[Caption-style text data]

----------------

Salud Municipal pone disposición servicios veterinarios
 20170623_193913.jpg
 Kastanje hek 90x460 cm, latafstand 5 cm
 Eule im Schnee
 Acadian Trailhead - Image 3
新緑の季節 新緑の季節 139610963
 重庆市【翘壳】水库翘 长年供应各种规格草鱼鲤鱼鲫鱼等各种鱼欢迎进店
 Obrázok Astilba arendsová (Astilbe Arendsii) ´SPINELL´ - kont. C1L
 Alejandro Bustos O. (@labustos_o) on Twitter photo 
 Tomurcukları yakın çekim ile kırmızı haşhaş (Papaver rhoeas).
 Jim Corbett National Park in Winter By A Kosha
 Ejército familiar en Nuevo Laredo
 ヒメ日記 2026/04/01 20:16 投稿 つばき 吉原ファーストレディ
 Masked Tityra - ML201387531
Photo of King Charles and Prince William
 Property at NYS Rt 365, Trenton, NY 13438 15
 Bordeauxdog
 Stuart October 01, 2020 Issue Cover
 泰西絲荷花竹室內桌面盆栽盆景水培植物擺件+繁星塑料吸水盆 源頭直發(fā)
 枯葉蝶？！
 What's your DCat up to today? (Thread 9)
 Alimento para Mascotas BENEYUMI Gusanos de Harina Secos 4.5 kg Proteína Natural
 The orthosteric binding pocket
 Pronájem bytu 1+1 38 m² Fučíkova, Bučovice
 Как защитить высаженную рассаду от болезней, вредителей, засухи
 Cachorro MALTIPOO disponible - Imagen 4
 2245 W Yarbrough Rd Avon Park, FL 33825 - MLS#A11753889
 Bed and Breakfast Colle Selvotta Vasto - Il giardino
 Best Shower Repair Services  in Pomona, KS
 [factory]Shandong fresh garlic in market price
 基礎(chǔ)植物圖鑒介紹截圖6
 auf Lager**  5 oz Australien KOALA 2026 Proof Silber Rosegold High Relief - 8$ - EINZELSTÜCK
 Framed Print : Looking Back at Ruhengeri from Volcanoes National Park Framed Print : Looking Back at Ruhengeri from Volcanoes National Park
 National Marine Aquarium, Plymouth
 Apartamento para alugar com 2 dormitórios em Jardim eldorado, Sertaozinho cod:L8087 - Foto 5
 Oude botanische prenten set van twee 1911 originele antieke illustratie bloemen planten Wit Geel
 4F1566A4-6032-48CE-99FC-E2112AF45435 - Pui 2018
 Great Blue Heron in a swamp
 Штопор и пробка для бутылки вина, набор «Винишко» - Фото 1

----------------

## Instructions to follow
The required output is the lines from the one holding "Photo of King Charles and Prince William" through the last line of the entries above, copied exactly.

## Exercise solution
Photo of King Charles and Prince William
 Property at NYS Rt 365, Trenton, NY 13438 15
 Bordeauxdog
 Stuart October 01, 2020 Issue Cover
 泰西絲荷花竹室內桌面盆栽盆景水培植物擺件+繁星塑料吸水盆 源頭直發(fā)
 枯葉蝶？！
 What's your DCat up to today? (Thread 9)
 Alimento para Mascotas BENEYUMI Gusanos de Harina Secos 4.5 kg Proteína Natural
 The orthosteric binding pocket
 Pronájem bytu 1+1 38 m² Fučíkova, Bučovice
 Как защитить высаженную рассаду от болезней, вредителей, засухи
 Cachorro MALTIPOO disponible - Imagen 4
 2245 W Yarbrough Rd Avon Park, FL 33825 - MLS#A11753889
 Bed and Breakfast Colle Selvotta Vasto - Il giardino
 Best Shower Repair Services  in Pomona, KS
 [factory]Shandong fresh garlic in market price
 基礎(chǔ)植物圖鑒介紹截圖6
 auf Lager**  5 oz Australien KOALA 2026 Proof Silber Rosegold High Relief - 8$ - EINZELSTÜCK
 Framed Print : Looking Back at Ruhengeri from Volcanoes National Park Framed Print : Looking Back at Ruhengeri from Volcanoes National Park
 National Marine Aquarium, Plymouth
 Apartamento para alugar com 2 dormitórios em Jardim eldorado, Sertaozinho cod:L8087 - Foto 5
 Oude botanische prenten set van twee 1911 originele antieke illustratie bloemen planten Wit Geel
 4F1566A4-6032-48CE-99FC-E2112AF45435 - Pui 2018
 Great Blue Heron in a swamp
 Штопор и пробка для бутылки вина, набор «Винишко» - Фото 1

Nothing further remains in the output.